養蜂をやっていると、ミツバチがはちみつを生み出していることを知らない大人が少なくないことに驚くことがあります。

緑あふれる集合住宅の提案では、虫が増えない方法はないか、といった質問がよく出ます

海外でも公園管理の方から「チョウチョは好きだけど芋虫は嫌い」な人が多く、苦情が出て困るというたぐいの話をよく聞きます




このように、現代社会に広くみられる虫嫌いの理由を、進化心理学的な視点から提案・検証した東大の研究者らの論文 ”Why do so many modern people hate insects? The urbanization–disgust hypothesis” の備忘メモ


  • 昆虫をはじめとする陸生節足動物に対する否定的な認識が世界的にみられる原因を進化心理学的観点から検証
  • 2つの仮説を立て13,000人を対象としたオンライン調査で検証
  • 1つ目は、嫌悪という感情が、病原体回避行動を生み出すための心理的適応であるという「嫌悪感の病原体回避理論」。都市化により野外よりも食事や睡眠を行う室内で虫を見る機会が増え、その結果虫に対する嫌悪感が高まるという経路
  • 2つ目は、エラーマネジメント理論に基づくもの。偽陽性(感染症リスクがないのに避ける)のコストよりも偽陰性(感染症のリスクが高いのに避けずに感染)のコストが圧倒的に高いため、都市化により自然に対する知識が失われた人は避ける必要がない多くの虫まで嫌悪するという経路
  • 調査により経路1及び経路2が支持された
  • 虫嫌いの背景には、病原体の感染を避けようとする過去の進化的圧力によって形成されたメカニズムが、都市化により強化されたことが示唆された
  • 「野外もしくは野外を感じさせる条件で虫をみること」「虫の知識を増やし、種類を区別できるようになること」が虫嫌いを緩和できる可能性を示した


都市化により「室内の虫に対して強く嫌悪する」「虫を区別できないと多くの虫を嫌悪する」という2つの要因が広範な虫嫌いを生み出すという説明は大変興味深い指摘と思います。

いきものの名前を知ることに加え、エコシステムの中での役割を理解できるような環境デザインを意識していきたいと改めて思いました。


雑誌名
Science of the Total Environment
論文タイトル
Why do so many modern people hate insects?

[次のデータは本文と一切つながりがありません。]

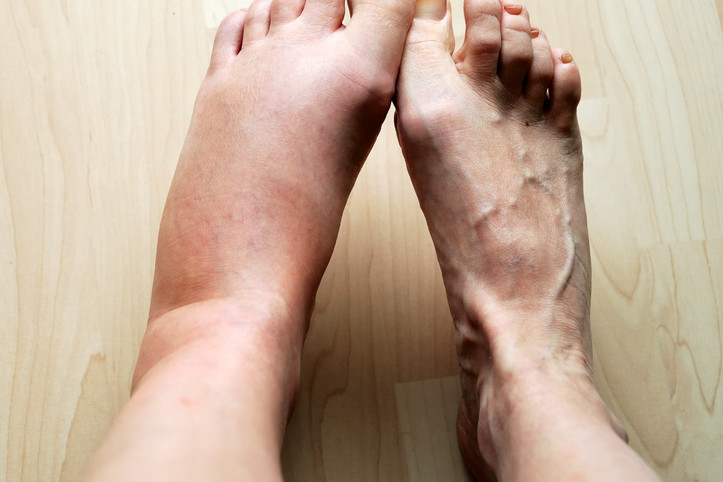 What Causes Leg Swelling?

The urbanization–disgust hypothesis
著者
Yuya Fukano, Masashi Soga 
DOI番号
https://doi.org/10.1016/j.scitotenv.2021.146229


■参考サイト

プレスリリース: https://www.a.u-tokyo.ac.jp/topics/topics_20210312-1.html


コメント

  1. 「「室内の虫に対して強く嫌悪する」「虫を区別できないと多くの虫を嫌悪する」という2つの要因が広範な虫嫌いを生み出す」
    素晴らしい研究ですね。ご紹介ありがとうございます。